Charley quietly hissed. Amy rolled her eyes and shrugged her shoulders. He gave her a little peck on the forehead, then dragged himself to his feet and moved to the window.
Directly across the way, in what had once been Dandrige’s bedroom window, a pair of baleful red eyes stared out at him.
“No,” he moaned, heart jackhammering in his chest, as the glowing red lights blinked once, twice. Amy jumped up from the bed and moved quickly to his side . . .
. . . as the lights blinked again, then veered sharply to the left and disappeared . . .
. . . as the U-Haul trailer backed hesitantly into the driveway, taillights blinking one last time and then cutting out completely. A harmless-looking middle-aged man in chinos and a jean jacket got out of the car. His equally harmless-looking family could be seen through the living room window.
Amy breathed a sigh of relief and held Charley tight. “You had me scared for a minute there.” She nuzzled his neck. “Now,
please,
come back to bed.”
Charley stood, rigid and uncertain, staring at the window that faced his own. The ghost of a woman’s scream echoed faintly in his mind. “I’m not so sure, baby,” he ventured hesitantly. “I mean, what if something is still knocking around in there? What if . . . ?”
Amy opened her blouse, and brushed her bare breasts against his shoulder blades.

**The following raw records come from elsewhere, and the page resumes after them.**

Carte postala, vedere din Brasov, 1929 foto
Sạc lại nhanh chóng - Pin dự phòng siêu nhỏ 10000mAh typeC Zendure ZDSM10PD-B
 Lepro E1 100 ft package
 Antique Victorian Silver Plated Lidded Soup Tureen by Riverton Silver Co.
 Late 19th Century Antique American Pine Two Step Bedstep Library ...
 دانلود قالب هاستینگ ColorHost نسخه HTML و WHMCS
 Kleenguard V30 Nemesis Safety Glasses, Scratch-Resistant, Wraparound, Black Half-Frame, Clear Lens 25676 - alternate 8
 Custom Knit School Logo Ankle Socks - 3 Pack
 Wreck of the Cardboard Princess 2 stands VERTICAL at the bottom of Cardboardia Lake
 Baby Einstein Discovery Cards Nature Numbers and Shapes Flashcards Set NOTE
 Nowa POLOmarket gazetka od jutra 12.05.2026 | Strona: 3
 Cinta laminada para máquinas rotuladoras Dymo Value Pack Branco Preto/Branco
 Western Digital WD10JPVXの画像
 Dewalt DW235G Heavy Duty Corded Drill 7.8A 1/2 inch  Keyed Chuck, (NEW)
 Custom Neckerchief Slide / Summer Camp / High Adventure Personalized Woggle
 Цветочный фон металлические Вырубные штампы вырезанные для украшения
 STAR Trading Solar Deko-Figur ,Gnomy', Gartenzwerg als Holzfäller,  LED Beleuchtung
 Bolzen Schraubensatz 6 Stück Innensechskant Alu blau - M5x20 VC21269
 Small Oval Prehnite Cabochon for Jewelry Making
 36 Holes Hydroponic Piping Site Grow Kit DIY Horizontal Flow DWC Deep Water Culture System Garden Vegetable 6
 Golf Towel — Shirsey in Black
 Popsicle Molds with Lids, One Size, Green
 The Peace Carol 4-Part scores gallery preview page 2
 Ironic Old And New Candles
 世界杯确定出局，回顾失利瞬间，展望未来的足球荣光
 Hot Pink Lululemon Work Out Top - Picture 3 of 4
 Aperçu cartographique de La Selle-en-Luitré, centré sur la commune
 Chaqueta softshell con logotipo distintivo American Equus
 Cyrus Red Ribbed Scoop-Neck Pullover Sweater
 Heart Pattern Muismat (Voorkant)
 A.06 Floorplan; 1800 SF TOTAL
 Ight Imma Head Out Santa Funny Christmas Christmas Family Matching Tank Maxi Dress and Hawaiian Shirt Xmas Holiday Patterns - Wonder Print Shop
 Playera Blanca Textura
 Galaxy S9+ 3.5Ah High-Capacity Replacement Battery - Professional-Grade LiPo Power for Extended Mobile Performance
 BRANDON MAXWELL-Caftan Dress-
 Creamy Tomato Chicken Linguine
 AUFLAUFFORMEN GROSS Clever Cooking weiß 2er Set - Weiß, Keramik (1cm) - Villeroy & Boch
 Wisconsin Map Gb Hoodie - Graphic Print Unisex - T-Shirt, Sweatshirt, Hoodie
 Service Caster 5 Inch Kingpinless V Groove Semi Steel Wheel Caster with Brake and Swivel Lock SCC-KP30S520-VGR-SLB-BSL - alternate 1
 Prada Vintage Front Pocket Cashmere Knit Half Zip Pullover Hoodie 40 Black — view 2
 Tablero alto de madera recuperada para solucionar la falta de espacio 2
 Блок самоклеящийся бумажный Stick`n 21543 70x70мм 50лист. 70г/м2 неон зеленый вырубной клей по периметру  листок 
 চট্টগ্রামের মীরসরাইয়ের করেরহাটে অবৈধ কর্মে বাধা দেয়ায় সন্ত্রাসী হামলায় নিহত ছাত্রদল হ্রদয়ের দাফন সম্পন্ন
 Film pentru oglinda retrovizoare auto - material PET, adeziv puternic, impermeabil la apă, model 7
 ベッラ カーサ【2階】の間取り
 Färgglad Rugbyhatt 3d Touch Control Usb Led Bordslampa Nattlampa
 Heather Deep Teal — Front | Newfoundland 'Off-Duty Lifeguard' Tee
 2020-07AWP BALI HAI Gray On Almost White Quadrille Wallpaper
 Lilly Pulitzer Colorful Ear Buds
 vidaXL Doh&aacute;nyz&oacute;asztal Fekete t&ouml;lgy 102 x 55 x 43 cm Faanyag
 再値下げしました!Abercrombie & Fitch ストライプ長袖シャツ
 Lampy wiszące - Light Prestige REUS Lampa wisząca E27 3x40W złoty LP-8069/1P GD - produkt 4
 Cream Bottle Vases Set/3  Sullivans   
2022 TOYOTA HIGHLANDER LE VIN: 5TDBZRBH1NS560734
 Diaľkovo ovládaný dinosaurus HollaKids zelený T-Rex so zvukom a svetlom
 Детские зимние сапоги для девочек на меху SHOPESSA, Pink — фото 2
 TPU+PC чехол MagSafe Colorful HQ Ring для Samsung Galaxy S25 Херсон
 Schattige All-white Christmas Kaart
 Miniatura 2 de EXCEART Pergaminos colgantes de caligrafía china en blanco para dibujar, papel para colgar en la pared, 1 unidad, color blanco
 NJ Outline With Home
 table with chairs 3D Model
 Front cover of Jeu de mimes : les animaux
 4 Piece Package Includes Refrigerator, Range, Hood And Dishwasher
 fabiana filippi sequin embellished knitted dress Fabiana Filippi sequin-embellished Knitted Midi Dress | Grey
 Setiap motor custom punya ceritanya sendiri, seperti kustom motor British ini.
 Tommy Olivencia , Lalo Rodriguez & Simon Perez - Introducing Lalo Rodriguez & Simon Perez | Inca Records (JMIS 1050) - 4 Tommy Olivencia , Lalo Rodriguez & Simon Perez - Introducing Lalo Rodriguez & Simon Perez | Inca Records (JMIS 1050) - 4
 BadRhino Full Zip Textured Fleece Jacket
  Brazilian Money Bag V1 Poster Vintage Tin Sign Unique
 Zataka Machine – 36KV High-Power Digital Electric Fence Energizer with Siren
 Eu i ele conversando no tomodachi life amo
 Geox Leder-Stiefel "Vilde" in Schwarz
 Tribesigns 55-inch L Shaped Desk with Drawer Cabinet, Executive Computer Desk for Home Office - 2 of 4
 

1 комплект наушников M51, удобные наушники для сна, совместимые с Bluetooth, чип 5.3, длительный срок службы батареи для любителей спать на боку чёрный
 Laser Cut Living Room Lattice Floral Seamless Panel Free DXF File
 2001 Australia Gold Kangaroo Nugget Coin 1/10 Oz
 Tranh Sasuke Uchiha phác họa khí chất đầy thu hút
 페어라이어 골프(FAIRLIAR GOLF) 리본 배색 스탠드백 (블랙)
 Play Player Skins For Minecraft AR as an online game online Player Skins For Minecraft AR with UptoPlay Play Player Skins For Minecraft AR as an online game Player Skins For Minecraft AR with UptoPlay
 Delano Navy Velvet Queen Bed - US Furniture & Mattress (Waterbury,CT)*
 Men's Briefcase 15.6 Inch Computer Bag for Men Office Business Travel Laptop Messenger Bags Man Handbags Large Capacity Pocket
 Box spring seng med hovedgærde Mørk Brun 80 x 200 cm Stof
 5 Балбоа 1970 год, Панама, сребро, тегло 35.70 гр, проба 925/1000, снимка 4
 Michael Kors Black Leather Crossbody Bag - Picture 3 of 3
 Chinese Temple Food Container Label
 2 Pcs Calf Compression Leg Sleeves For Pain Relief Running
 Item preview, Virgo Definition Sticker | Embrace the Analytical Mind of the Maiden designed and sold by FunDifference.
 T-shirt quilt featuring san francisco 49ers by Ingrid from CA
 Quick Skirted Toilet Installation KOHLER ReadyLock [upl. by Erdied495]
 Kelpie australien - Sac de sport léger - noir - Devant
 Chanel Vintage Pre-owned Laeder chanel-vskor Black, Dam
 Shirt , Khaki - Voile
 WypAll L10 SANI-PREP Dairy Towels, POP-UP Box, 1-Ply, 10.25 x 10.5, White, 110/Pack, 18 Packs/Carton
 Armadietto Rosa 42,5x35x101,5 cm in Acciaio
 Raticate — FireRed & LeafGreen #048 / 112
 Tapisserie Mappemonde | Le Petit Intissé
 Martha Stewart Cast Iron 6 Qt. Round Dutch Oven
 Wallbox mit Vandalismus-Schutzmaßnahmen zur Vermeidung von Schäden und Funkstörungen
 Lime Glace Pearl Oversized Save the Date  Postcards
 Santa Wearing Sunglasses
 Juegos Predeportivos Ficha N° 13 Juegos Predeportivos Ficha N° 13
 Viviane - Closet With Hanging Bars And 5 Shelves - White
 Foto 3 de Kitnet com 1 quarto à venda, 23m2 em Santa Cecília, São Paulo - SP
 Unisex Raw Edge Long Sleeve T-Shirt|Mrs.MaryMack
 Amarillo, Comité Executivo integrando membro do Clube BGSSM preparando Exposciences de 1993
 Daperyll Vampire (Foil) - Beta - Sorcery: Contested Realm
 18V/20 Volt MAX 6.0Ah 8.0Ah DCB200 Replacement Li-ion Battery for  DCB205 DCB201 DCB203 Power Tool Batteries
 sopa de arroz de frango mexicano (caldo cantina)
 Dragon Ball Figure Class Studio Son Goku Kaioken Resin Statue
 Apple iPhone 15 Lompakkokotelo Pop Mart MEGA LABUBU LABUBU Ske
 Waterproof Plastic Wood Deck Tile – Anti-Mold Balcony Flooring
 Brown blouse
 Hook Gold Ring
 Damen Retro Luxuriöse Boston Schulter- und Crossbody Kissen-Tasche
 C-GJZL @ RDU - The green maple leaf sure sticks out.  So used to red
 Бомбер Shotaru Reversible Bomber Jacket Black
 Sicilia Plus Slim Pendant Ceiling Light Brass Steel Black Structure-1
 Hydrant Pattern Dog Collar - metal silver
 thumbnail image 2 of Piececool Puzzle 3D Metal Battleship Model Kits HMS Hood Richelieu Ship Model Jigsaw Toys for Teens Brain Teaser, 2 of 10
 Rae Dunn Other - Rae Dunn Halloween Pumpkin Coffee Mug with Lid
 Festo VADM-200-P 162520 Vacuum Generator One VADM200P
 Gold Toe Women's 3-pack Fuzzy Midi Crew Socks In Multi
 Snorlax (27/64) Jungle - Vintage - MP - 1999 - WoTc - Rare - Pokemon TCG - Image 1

“Then you’ll deal with it, lover.” She smiled. “In the meantime, deal with this.”
Charley groaned and turned to her.
It was just the trailer lights,
he told himself.
Of course it was.
But what if . . . ?
Then Amy did something extra-specially nice, and the question became instantly moot.
Then you’ll deal with it, lover,
she’d said, with utter confidence.
And if it came down to it, he would.
“Right,” he whispered, reaching back casually to draw the blinds.
And the two of them went back to bed.